The Story
Jan Sanders van Hemessen portrayed the Jewish heroine Judith as a muscular nude to be both admired and feared. When the Assyrian army threatened Judith’s people, the handsome widow saved them from slaughter by infiltrating the tent of the enemy general, Holofernes, to win his confidence and then behead him. Van Hemessen’s life-size interpretation reflects contemporary male ambivalence toward female agency.

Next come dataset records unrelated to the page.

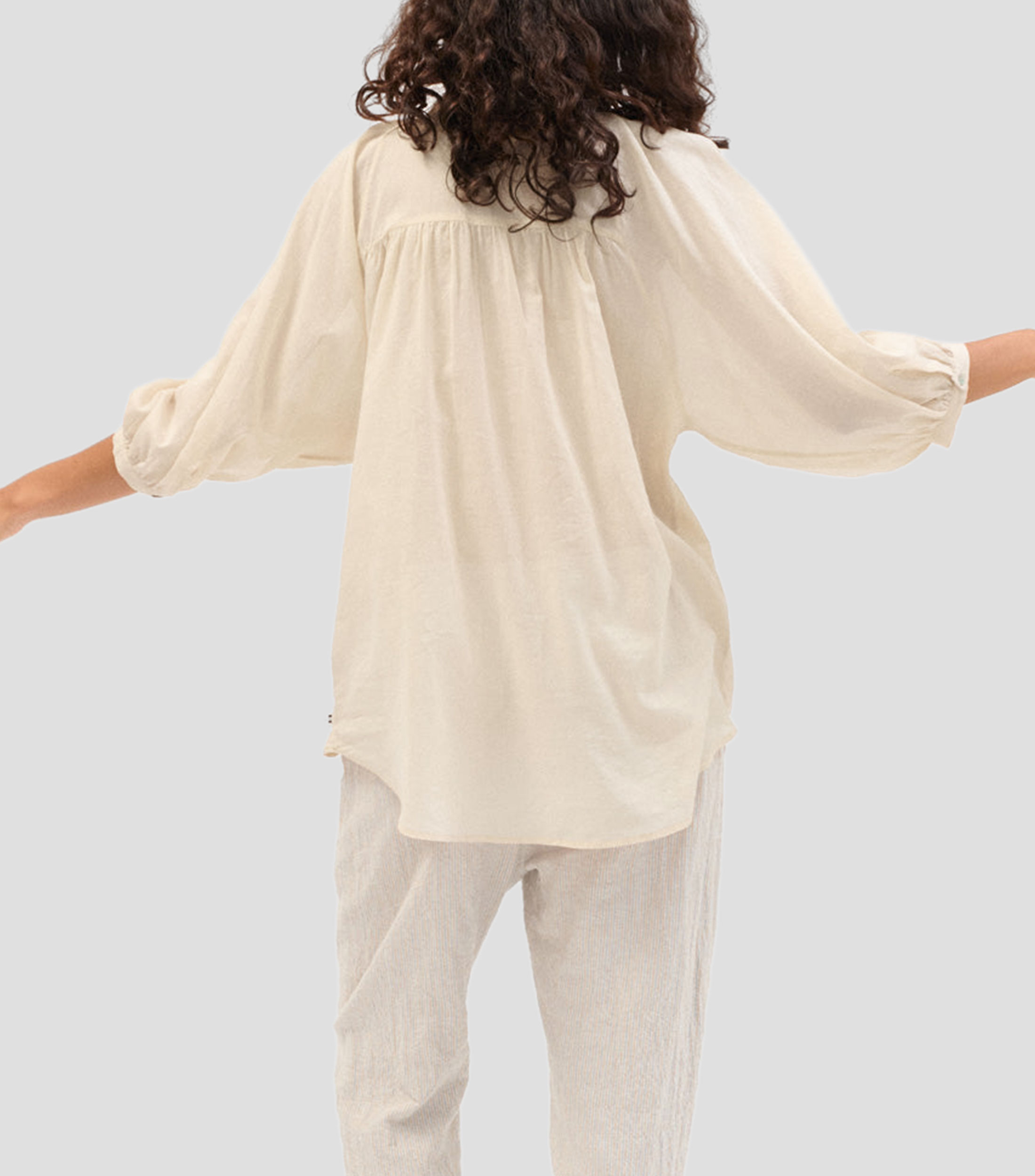 Blusa lisa manga larga Mujer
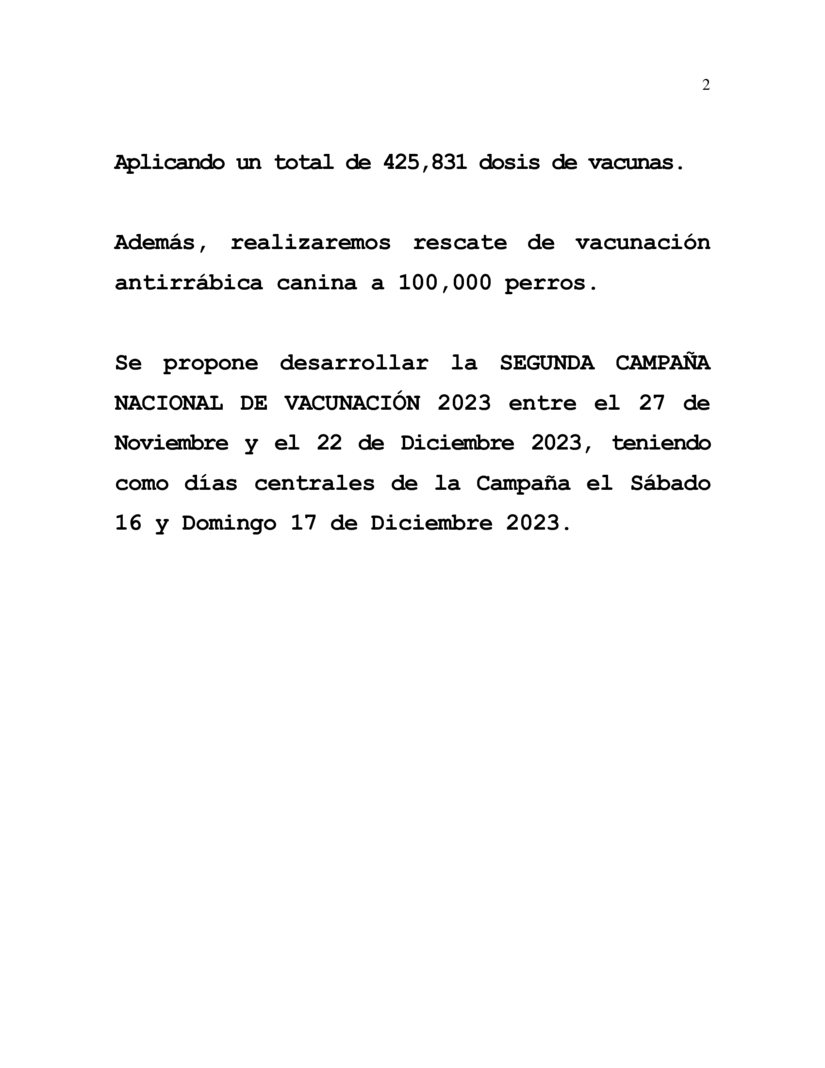 NOTA DE PRENSA SEGUNDA CAMPAÑA NACIONAL DE VACUNACIÓN 2023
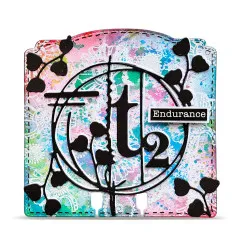 Pastellfarbene Karte mit weißer Spitzenprägung, der „t2"-Stanzform mit Knospenzweig und Wortsticker „Endurance"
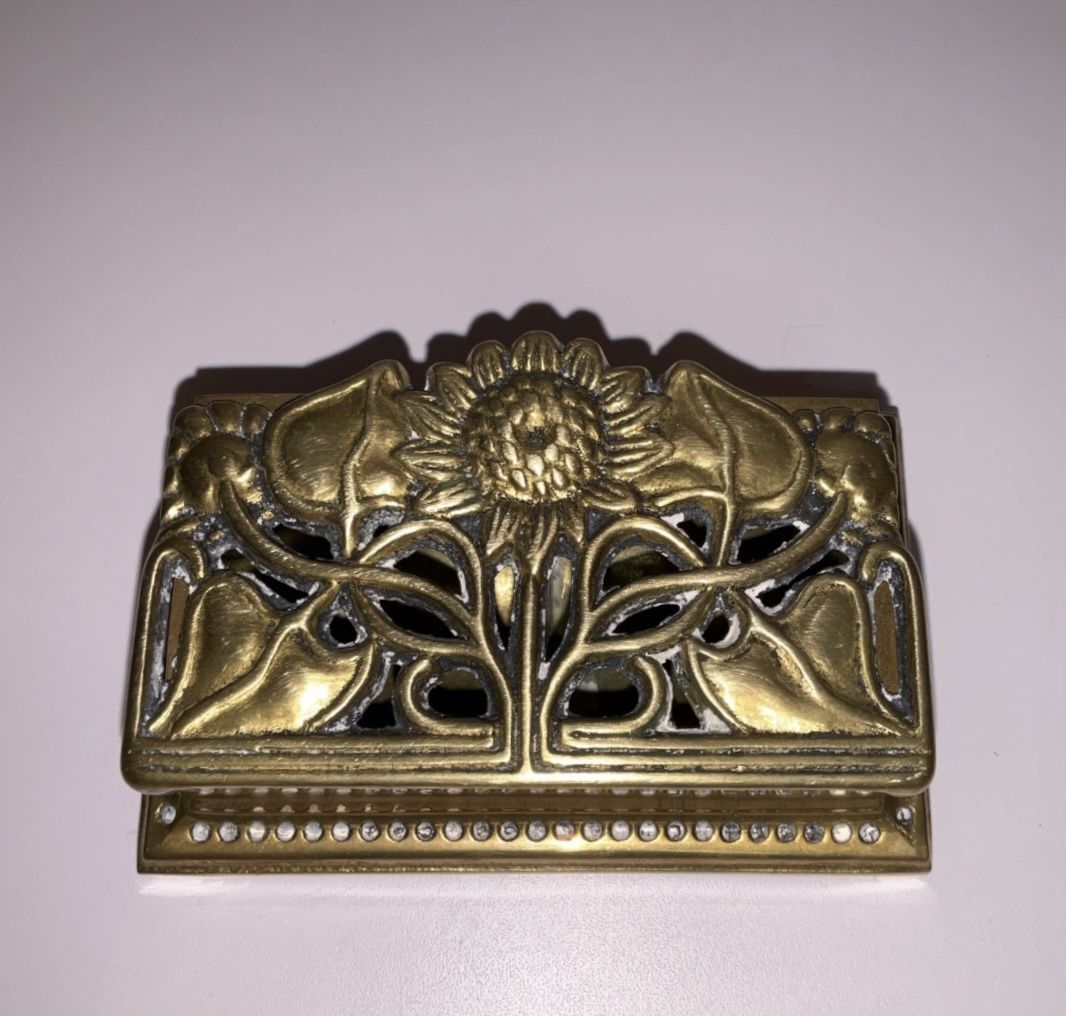 Antique Art Nouveau Solid Brass Stamp Holder Sunflower Trinket Box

It celebrates Judith’s physical and moral strength but also foregrounds the sexuality that enabled her triumph, reproducing for viewers the aggressive beauty that caused her adversary’s demise. Judith was one of several religious and mythological figures featured in works hailing the power of women, a recurrent theme in northern Europe during the late Middle Ages and Renaissance.
Executed in Oil on panel, measuring 99.1 × 77.2 cm (39 × 30 3/8 in.); Framed: 119.7 × 97.8 × 6.4 cm (47 1/8 × 38 1/2 × 2 1/2 in.), the surface rewards close looking. Jan Sanders van Hemessen builds the composition through layered glazes and a tightly controlled palette, letting cool shadows recede so that the warm, lit passages step forward. The brushwork shifts from the precise to the almost dissolved — a hallmark of mature Renaissance practice.
“A silence so complete it becomes its own witness.”